# Proving the basic identity which implies the Chern-Weil theorem

If $E$ is a complex vector bundle over a manifold $M$ then one defines the space of vector valued $p$-differential forms on them as $\Omega^p(M,E) = \Gamma ( \wedge ^p (T^*M) \otimes E)$

The connection be defined as the map , $\nabla: \Gamma(E) \rightarrow \Omega^1(M,E)$ satisfying $\nabla(fX) = df\otimes X+f\nabla X$ where $f \in C^{\infty}(M)$ and $X \in \Gamma(E)$

• Can't the connection be thought of as an element of $\Omega^1(M,End(E))$? Difference of two connections though not a connection is such an element.

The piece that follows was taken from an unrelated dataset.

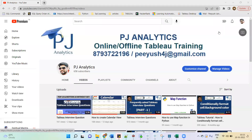Hi everyone, welcome back to my channel PJ Analytics. In this video I will talk about how to show top N percentage customers dynamically. Let's get started.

Curvature of the connection is defined as the map, $$R = \nabla \circ \nabla : \Gamma(E) \rightarrow \Omega^2(M,E)$$

Corresponding definition of "trace" is as a map $Tr: \Omega^p(M,End(E))\rightarrow \Omega^p(M)$ satisfying some natural conditions.

One can show that if $A,B \in \Omega^p(M,End(E))$ then $Tr[A,B]=0$

The crucial relationship from which a version of the Chern-Weil Theorem becomes almost immediately obvious is this,

$$dTr[A] = Tr[[\nabla,A]]$$

The argument for this begins by choosing a different connection say $\nabla'$ and seeing that, $$Tr[[\nabla',A]] = Tr[[\nabla,A]]$$

Hence the RHS of the desired equation is independent of the connection chosen and hence it can be evaluated for any connection to get the LHS. Using the fact that the a bundle is locally trivial one can choose the "trivial" connection and this should apparently yield $dTr[A]$

• Here I can't see what is a "trivial connection". It would help if someone can write that down in local trivializing coordinates. And how for that does the evaluation of the Tr give a de-Rham derivative of the Tr. The appearance of the de-Rham derivative on the LHS looks very mysterious and thats what makes the Chern-Weil Theorem click! It would help if someone can give the intuition behind this.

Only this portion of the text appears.